Write out, without any change, the lines in the material below that run from the line with "Harry Potter themed" through the line with "Buy your photos", both included.

(INPUT FOR THIS TASK):

=== Begin Enclosure ===

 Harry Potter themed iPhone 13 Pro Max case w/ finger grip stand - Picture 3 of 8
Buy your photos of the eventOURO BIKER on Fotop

=== End Enclosure ===
=== Begin Enclosure ===

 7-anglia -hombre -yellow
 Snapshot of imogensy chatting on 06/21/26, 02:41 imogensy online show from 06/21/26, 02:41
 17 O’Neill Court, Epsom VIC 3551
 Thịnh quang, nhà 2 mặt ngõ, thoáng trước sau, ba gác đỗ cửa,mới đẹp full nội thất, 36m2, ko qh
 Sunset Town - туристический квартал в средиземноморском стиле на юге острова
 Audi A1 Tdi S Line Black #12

=== End Enclosure ===
=== Begin Enclosure ===

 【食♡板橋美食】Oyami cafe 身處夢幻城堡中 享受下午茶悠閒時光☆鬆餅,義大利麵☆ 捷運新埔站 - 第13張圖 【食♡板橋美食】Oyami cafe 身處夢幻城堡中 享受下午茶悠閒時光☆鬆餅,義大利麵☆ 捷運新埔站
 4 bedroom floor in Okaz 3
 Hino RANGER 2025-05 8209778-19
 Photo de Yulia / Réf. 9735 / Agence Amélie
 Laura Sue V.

=== End Enclosure ===

(WRITTEN RESPONSE):
 Harry Potter themed iPhone 13 Pro Max case w/ finger grip stand - Picture 3 of 8
Buy your photos of the eventOURO BIKER on Fotop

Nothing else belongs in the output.